In 2004, Scott Linehan’s Vikings faced Johnson’s Eagles twice—as always, an ideal set of circumstances for comparison, since you get two results from the same talent matchup. Of course, the Vikings were ranked 6th in the NFL in scoring offense, averaging 25.3 points per game. They were extremely balanced, netting 7.16 YpA and 4.71 YpC. Meanwhile, the Eagles were the second-best scoring defense in the NFL; they allowed only 16.2 points per game, 5.84 YpA, and 4.31 YpC. As you can see, their pass defense was much more stout than their run defense—but as Ron Jaworksi will repeatedly tell you, points come out of the passing game.
In the first contest, the Vikings scored only 16 points—far below their season average, and exactly matching the Eagles’ season average. This means that the 6th-best offense in the NFL played just like an average victim of the Eagles’ fearsome 2004 defense. Interestingly, the Vikes’ per-play passing effectiveness wasn’t affected. My theory on the scoring depression is that the interception, lost fumble, and four sacks had something to do with the depressed scoring output—that, and the running game’s effectiveness being dropped by half a yard.
In the second contest, the results were nearly identical: only 14 points scored by the Vikings. This time, the passing game was depressed by half a yard per play while the running game met expectations; I chalk this up to what I call the “Whack-a-Mole Effect”. Either way, the vaunted Vikings offense was bottled up again. No lost fumbles this time, but two picks, and three sacks for –28 yards, contributed to the profound lack of points.
As the final data point, we have the 2008 Rams. Their wretched, 30th-ranked unit got Linehan fired—and they went up against the Eagles’ typically sixth-ranked defense. Between the Rams’ average of 14.5 points scored, and the Eagles’ average of 18.1 points allowed, the final result was a pathetic three points, and even that was on a last-quarter field goal in a game that was long since over.
The inescapable conclusion is that given equal or better talent, Jim Johnson’s hyperaggressive one-gap 4-3 defense disproportionately disrupts Scott Linehan’s balanced, conventional offense. Scoring is typically depressed, partially via increased sacks and interceptions. Typically, one dimension of the offense is dramatically less effective than season norms.
Given a strong systemic advantage, and a presumable talent advantage, I project the Lions’ offense to perform below expectations. Even giving the Lions credit for the erroneously discounted touchdown in their projected season scoring average, the Lions should score 13-17 points. I have medium confidence in this projection. If we’re calling 14 the baseline for this season, this is a single-digit number, but I don’t believe that’s the correct performance level for this offense.

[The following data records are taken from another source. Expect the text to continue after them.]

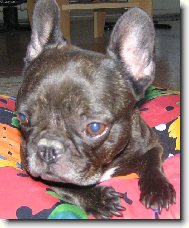 Bouledogue francais, French Bulldog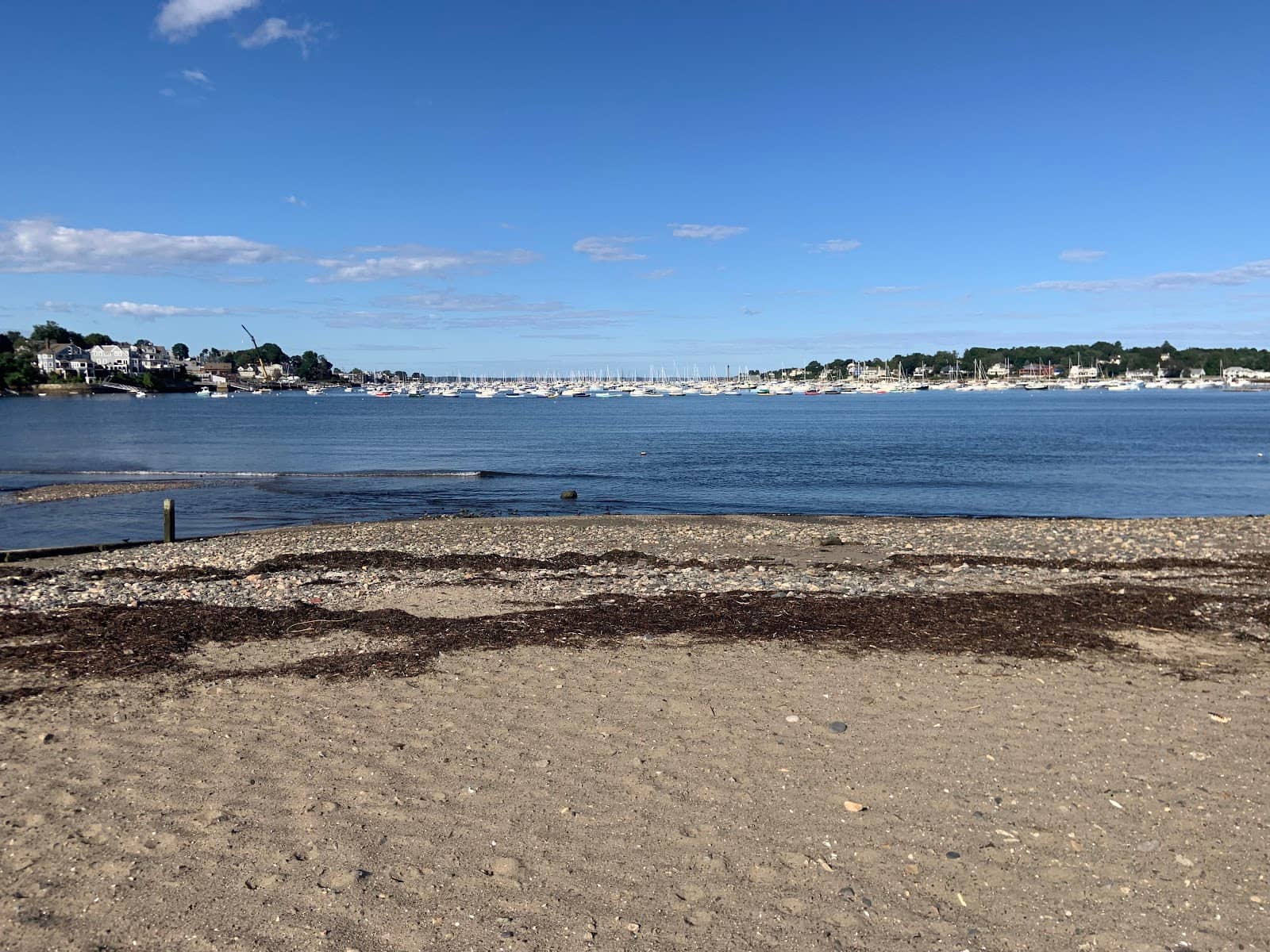 Calm Waters for Swimming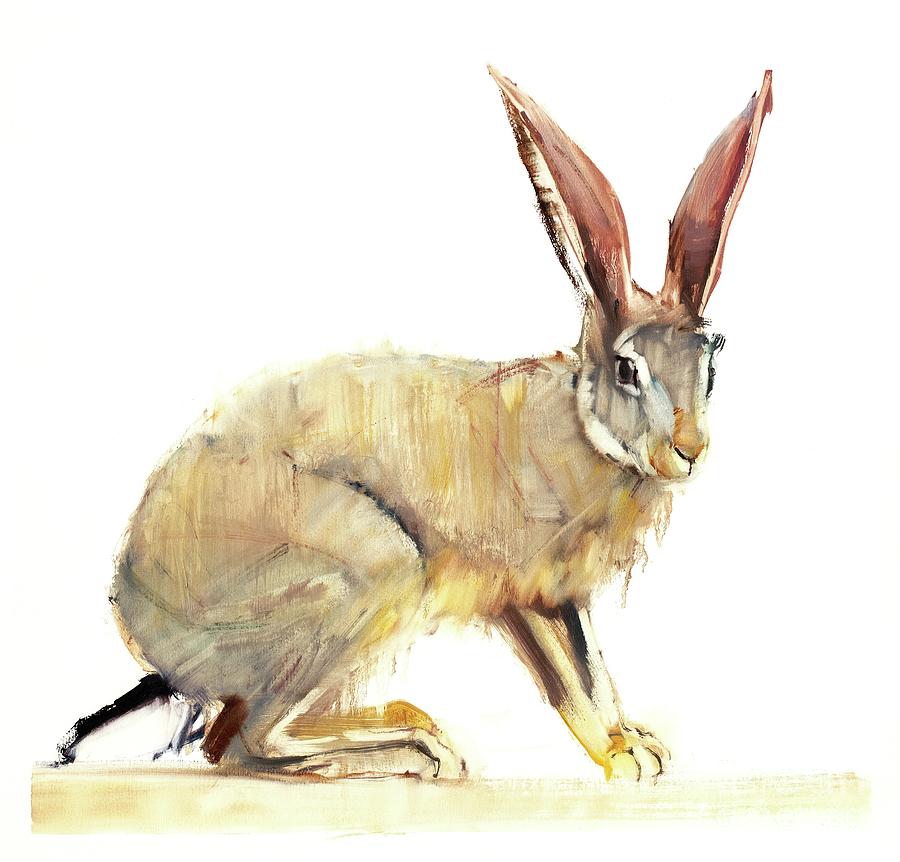 Cape Hare Painting by Mark Adlington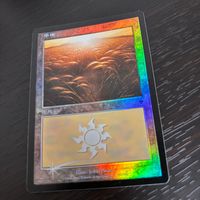 MTG Magic: The Gathering Foil 旧枠 基本土地 人気絵柄 INV インベイジョン カード 平地 トレカ 331/350 L Wizards of the Coast TCG サムネイル 2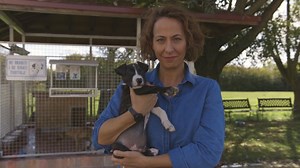 Na HRT-u premijerno dokumentarni serijal "Udomi me"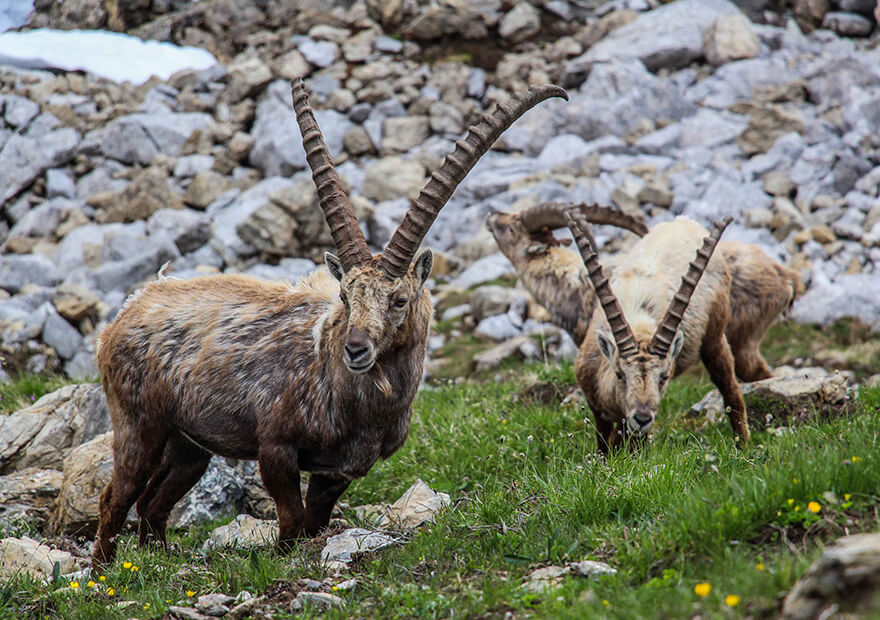 Mit etwas Glück kann man auf dem Weg von Oberstdorf nach Meran diverse Alpentiere beobachten - nahe der Memminger Hütte stehen die Chancen für Steinböcke gut.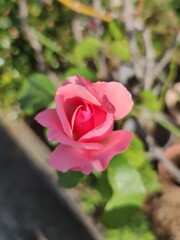 IMG_20211009_074807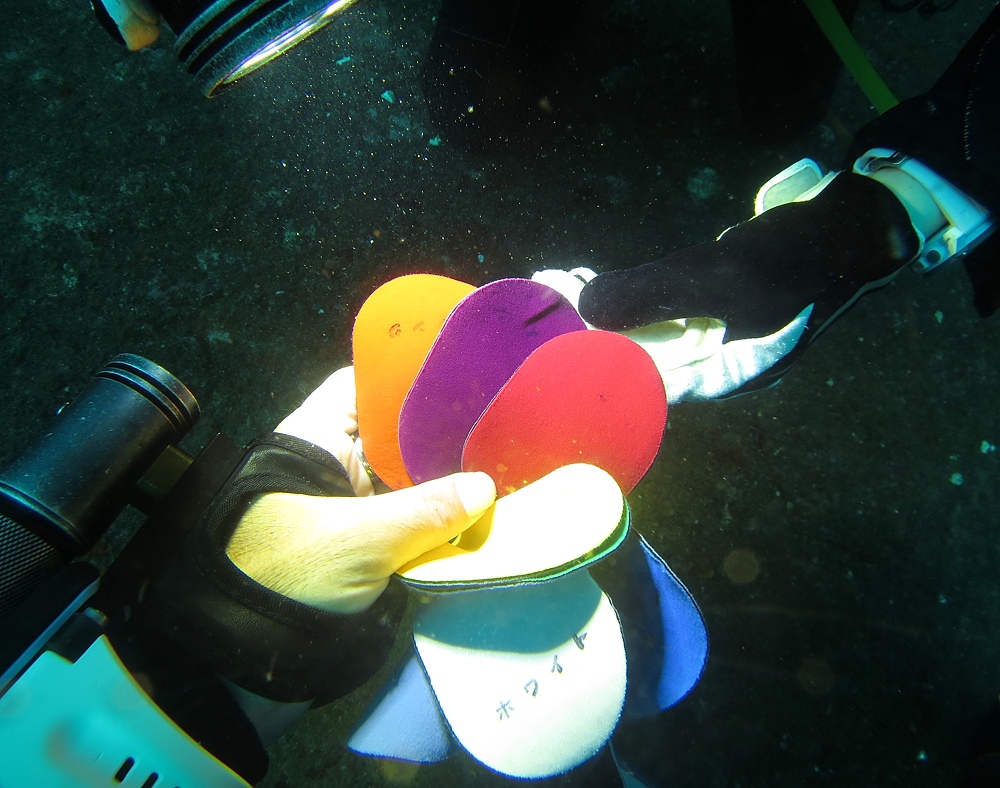 熱海沈船　ダイビング　日帰り　伊豆　神奈川　PADI　AOW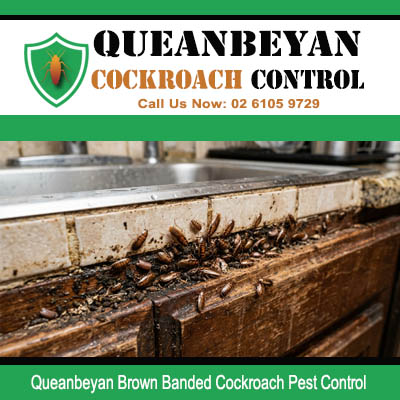 Severe Brown Banded cockroach infestation with grease and debris along kitchen countertop and wall junction in Queanbeyan NSW property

Any time you subtract Matthew Stafford from this offense, you’re subtracting an awful lot of scoring potential. If Shaun Hill can step up, and Jahvid Best can find his groove in the lanes not being blitzed through, maybe the Lions can muddle along and meet expectations. Or, you know, the lack of Stafford will allow the Eagles to go crazy with the blitzes, and it’s even worse than it looks like it’ll be. One ray of hope: the Eagles may be without starting middle linebacker Stewart Bradley.
As much as I desperately want to find a reason to hope, as much as I’d like to have found proof that the Eagles are vulnerable, I’ve found nearly the opposite. The offense, which we know will be handcuffed without Stafford, is at both a systemic and talent disadvantage. Even if the defense can bottle up Vick—or if Vick hands the game to the Lions on a turnover platter—the offense will be lucky to score more than twice. The most likely outcome of this game is a “closer than the scoreboard shows” loss by the Lions, with a tense back-and-forth ultimately giving way to a 14-24 final score.